I originally was planning to split everything about the diorama into multiple posts but I kept putting off updates until this happened.
Continuing from where I left off, I removed the cardboard holding the plaster in the shape I wanted and glued specifically cut pla plates to it. In the end I wasn’t happy with how shallow the area housing the water was so I cut away at it and added a thin later of plaster. From there I mixed up some glue and sand while wrapping the models in plastic wrap and proceeded to add texture to the base while running the kits through it so they would look like a apart of the scene.
Priming, painting, pastels, some slight washes, dry brushing, and some bushes surrounding the water area made me think at the time I was most of the way done.
The client gave me some various items I could include in the build and one of them was a soft plastic Dopp that I think came with a Zaku figure.
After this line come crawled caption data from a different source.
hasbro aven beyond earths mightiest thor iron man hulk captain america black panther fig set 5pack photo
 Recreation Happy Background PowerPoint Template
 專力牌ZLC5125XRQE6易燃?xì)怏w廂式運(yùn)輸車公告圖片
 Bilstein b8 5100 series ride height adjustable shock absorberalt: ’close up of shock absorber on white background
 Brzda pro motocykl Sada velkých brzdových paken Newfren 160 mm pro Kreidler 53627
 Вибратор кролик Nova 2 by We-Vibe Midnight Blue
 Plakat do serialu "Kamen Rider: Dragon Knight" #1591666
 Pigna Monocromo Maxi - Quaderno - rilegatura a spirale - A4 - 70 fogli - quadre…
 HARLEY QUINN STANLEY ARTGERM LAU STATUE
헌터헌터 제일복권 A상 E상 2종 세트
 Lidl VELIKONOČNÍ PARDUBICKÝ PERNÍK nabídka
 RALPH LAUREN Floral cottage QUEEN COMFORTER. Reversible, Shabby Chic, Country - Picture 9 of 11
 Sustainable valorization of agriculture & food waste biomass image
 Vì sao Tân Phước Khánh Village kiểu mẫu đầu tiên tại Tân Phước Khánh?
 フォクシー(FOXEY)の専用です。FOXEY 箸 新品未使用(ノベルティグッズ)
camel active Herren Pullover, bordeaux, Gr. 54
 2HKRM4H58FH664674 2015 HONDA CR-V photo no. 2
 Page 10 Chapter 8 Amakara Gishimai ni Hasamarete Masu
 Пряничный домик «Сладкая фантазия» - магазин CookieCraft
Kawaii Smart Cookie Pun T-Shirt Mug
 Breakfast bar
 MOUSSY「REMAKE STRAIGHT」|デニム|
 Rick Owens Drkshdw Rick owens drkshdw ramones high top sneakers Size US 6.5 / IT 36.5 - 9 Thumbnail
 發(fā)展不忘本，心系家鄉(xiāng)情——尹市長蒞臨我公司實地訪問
Initially I thought since it was soft plastic painting it would be too hard and that I would have no use for it, but considering the weathered state the Dopp would be in I felt the soft plastic wouldn’t be such a hindrance. So I broke apart the Dopp into pieces and started to weather and add slight details to it. After some paint and weathering I was really satisfied with the result.
Similarly to the Clanche Camo diorama I used acrylic medium for the water which was a necessity for me financially but for anyone wondering clear resin would have been a much better choice.
Considering this is supposed to be a desert oasis palm trees were an addition I thought would bring a lot to the diorama but the price and shipping times just wasn’t right for me so I made some instead. Using some cheap aquarium accessories and a bunch of online palm tree tutorials I managed to make two trees that I was really proud of.
Not entirely satisfied with the way the diorama was looking I talked it over with my client and changed a few things by adding more movement to the water, adding more color depth to the sand, increasing the amount of foliage on the base, and generally adding more detail.
Finally it was time to paint the actual model, the GM Cardigan. The client wanted it to be inspired by the White Dingo color scheme.